The topic of network neutrality and the issue of video streamers is causing considerable industry angst. Video content apparently stresses out the capacity of access networks in many areas, and while it is the actuality of traffic congestion, or the threat of traffic congestion, it’s a situation that has attracted considerable public comment (John Oliver’s satirical commentary is perhaps the best example, although in this case I’m not entirely sure it was satire!). This is a matter that affects consumers not only in the United States, but following in the footsteps of Netflix’s global expansion we’ve see a similar debate about the positions of content and carriage providers in various European countries and South America. When we pump very large quantities of streaming video across an access network then many access providers are tempted to see this as an opportunity rather than a problem, and look for ways to extract a premium revenue stream from what many consumers appear to regard as a premium service.
How does Title II and Section 706 enter the picture?

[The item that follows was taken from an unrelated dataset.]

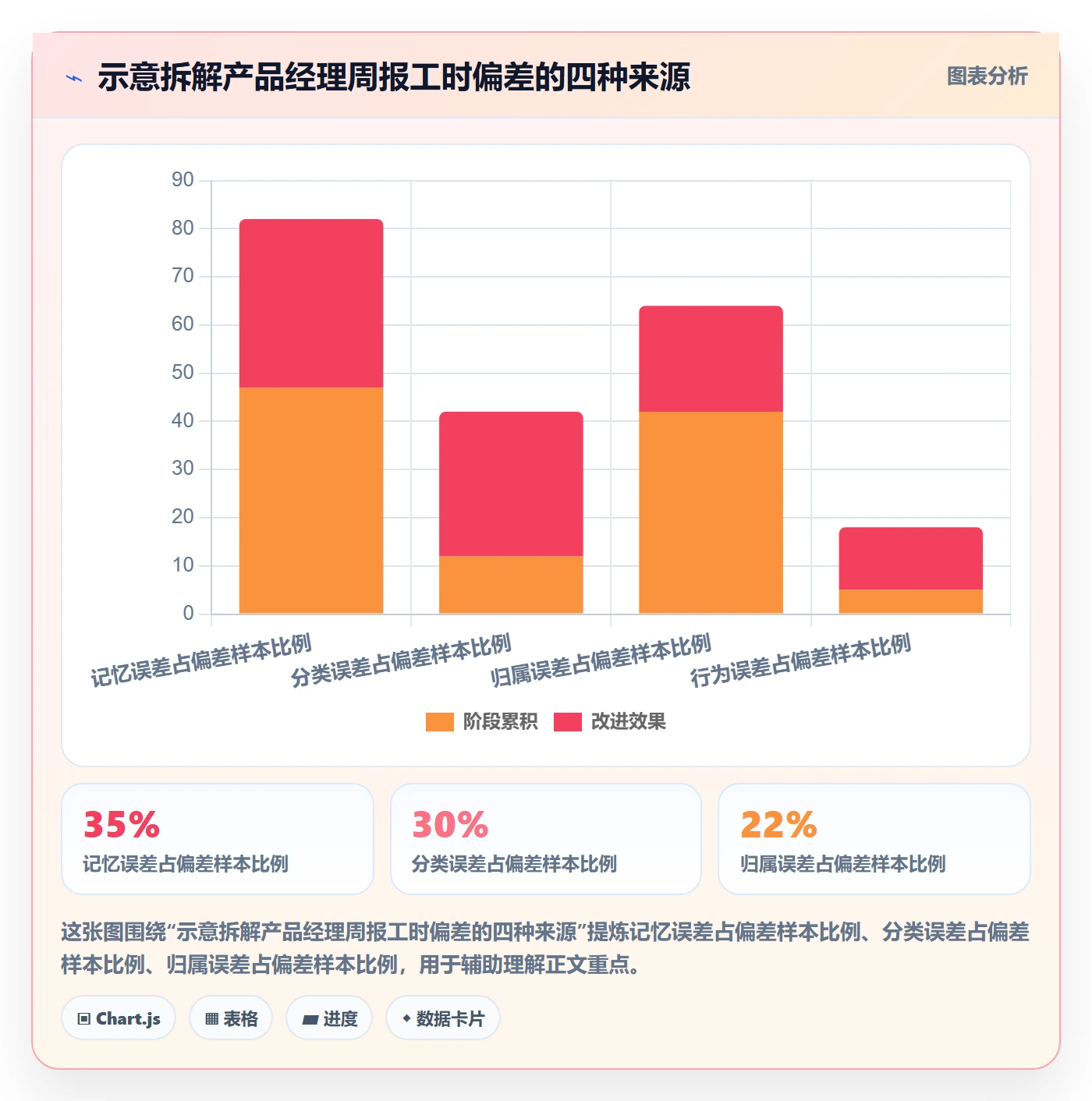 周报工时最佳实践：产品经理工时表风险控制，常见问题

In the United States in January 2014, the U.S. Court of Appeals sent the regulatory framework of what is commonly referred to as “network neutrality” back to the US Federal Communications Commission (FCC), claiming that the Commission had overreached its authority in barring broadband network service providers from slowing or blocking selected content. In other words the court was saying that the FCC’s adopted framework, that was intended to ensure that these carriers treated all content on an equal and non-discriminatory basis, was beyond the authority of the FCC in this context. This stems from an earlier move by the FCC almost two decades ago, in 1996, when the FCC elected not to classify Broadband Internet Access Service providers as recognized Common Carriers, and instead classified these service providers as “Information Service Providers”. It may have been an administrative convenience at the time, and it may have served the interests of the cable access industry at the time, but the full extent of the consequences of this administrative action are only now emerging. The US Court of Appeals ruled that as these providers are, strictly speaking, not classified as common carriers then the US Telecommunications Act expressly forbids the FCC from regulating these providers as if they were common carriers. At the time it appeared that this judicial decision was, for the Internet in the US at least, a possible death knell for the concept of network neutrality for the Internet.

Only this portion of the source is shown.